We sat with that. A breeze moved through the trees, rustling leaves. A dog barked somewhere down the street. Tom's porch swing creaked rhythmically. Real-world sounds, analog sounds, the kind you miss when you're wearing AirPods and curating a soundtrack for your life.
"I don't think digital wellness is a trend," Tom said finally. "I think it's a permanent negotiation. Like nutrition or exercise or sleep—things humans have always had to manage, but now the variables are different. We're not evolved for infinite scroll. So we're adapting, badly, in real time."
"And the people selling courses on how to adapt are making bank," I added.
"Well, yeah. That's also true." Tom shrugged. "Doesn't mean the problem isn't real."
By noon, we'd solved nothing. Sarah checked her phone—habit, reflex, relief. Emma went back to her book. Tom scrolled news on his Kindle, which he insisted was "different" because it was long-form reading, though we all knew that was partly self-justification.
I left my phone facedown for another twenty minutes, then gave in. Checked messages, scrolled briefly, felt the familiar hit of information-reward-anxiety. Put it away again. Repeat.
This is digital wellness in practice—not perfection, just awareness. Trying, failing, trying again. Being present until we're not, then choosing to come back.
Walking home, I thought about Sarah's bag trick. About Emma's deleted-then-reinstalled TikTok. About Tom's Kindle justifications and my grayscale aesthetic. None of us had it figured out. Maybe nobody does.

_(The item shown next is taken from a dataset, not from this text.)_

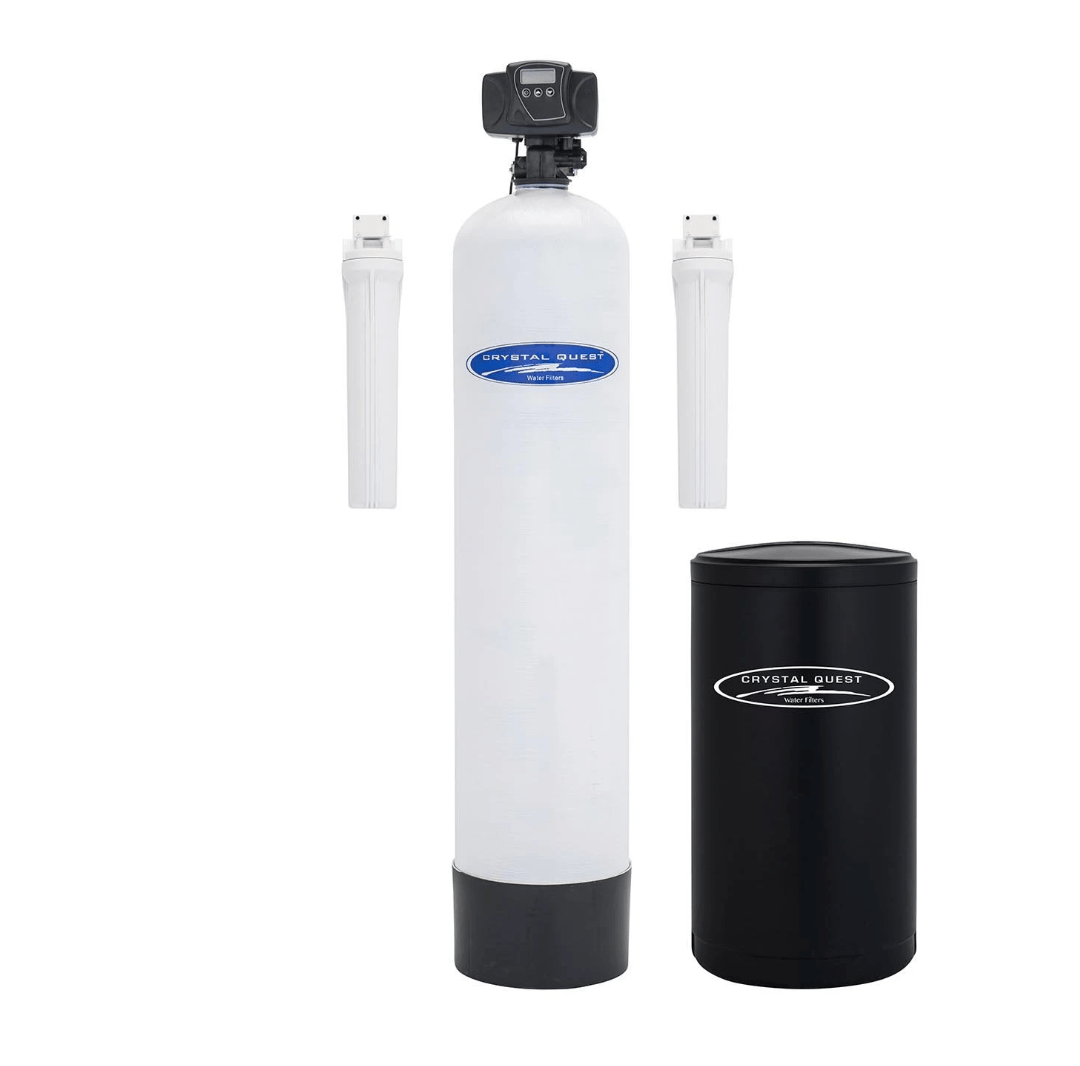 Whole House Water Softener with Pre/Post Filtration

But we were talking about it. Noticing our patterns. Trying, imperfectly, to be more here than elsewhere. That's not a trend—that's just being human in a time when being human requires more intentionality than it used to.
Is digital wellness real? Yeah, probably. Is it hard? Absolutely. Will we keep failing at it while pretending we've got it under control? Definitely.
But maybe that's okay. Maybe the struggle is the point.